On his visit to Scotland this week, his first as prime minister, Rishi Sunak reportedly held “robust” talks with Nicola Sturgeon on independence, as well as discussing the NHS crisis and Holyrood’s controversial new gender law.
Sunak is less toxic to Scottish voters than Boris Johnson but still the Tories face annihilation north of the border, according to a poll in December, which found that even the Scottish Conservative leader, Douglas Ross, would lose his seat in the next general election.
And yet Ross repeatedly lands blows on Sturgeon, particularly over her handling of Scotland’s health care shambles, recently claiming that Scottish medics were working in a “third-world environment”.
The Scottish Tories’ health spokesman, Sandesh Gulhane, who is also a GP, has been even more effective in exposing the failings in the Nationalist government’s management of the NHS.
Calling for the removal of Scotland’s hapless Health Secretary, Humza Yousaf, he said the SNP and Greens spent more time debating independence than the health emergency during a session on Tuesday.
Sturgeon had held a televised press conference on Monday, in echoes of her Covid appearances, ostensibly to address a health service collapse that has seen record A&E waiting times and hospitals dangerously close to capacity levels.
In a sign that health care is at rock bottom, a Ukrainian refugee, based in Glasgow, opted to return to war-torn Kyiv for medical treatment rather than take her chances with Scotland’s delays, it was revealed at First Minister’s Questions on Wednesday.
Sturgeon blames factors beyond her control, such as Brexit, a surge in winter infections and bed blocking, for the crisis.

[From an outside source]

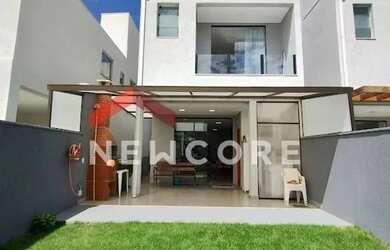 Imagem: A casa possui 3 Dormitórios, 3 Banheiros, 2 Vagas na garagem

She has also taken to blaming patients for “unnecessary attendances” at emergency departments, and, by implication, doctors for admitting or referring them.
Such “patient-blaming language” suggested a misunderstanding of the issues, said the deputy chairwoman of the British Medical Association in Scotland, Lailah Peel, and Dr Gulhane agreed, tweeting, “I don’t know a single clinician that would admit someone unnecessarily”.
Sturgeon usually attributes any embarrassing blights on her government to Westminster but health is devolved and, besides, the NHS in Scotland receives more UK funding per head of population than England.
Under more than 15 years of SNP rule, including Sturgeon’s five-year tenure as Health Secretary, Scotland could have forged its own health solutions, but there have been no serious attempts to reform the NHS or tackle Scotland’s underlying health problems.
Warnings about staff shortages, from the likes of Colin Poolman, director of the Royal College of Nursing in Scotland, have been ignored and possible new ways of working dismissed.
Instead, the SNP has been preoccupied with constitutional upheaval, even though a majority of Scots voted against independence in the 2014 referendum, and the Nationalists have never been able to convince voters otherwise.
Sturgeon has now vowed to fight the next general election as a “de facto referendum” after being denied permission by London to hold another plebiscite.
This is desperation but the First Minister, more than eight years into her job, will have her eye on her legacy as much as on Scotland’s problems.
Her bid to destroy the North Sea oil and gas industry, outlined last week, is a concession to the Scottish Greens, who Sturgeon brought into government with the sole purpose of pursuing her separatist agenda.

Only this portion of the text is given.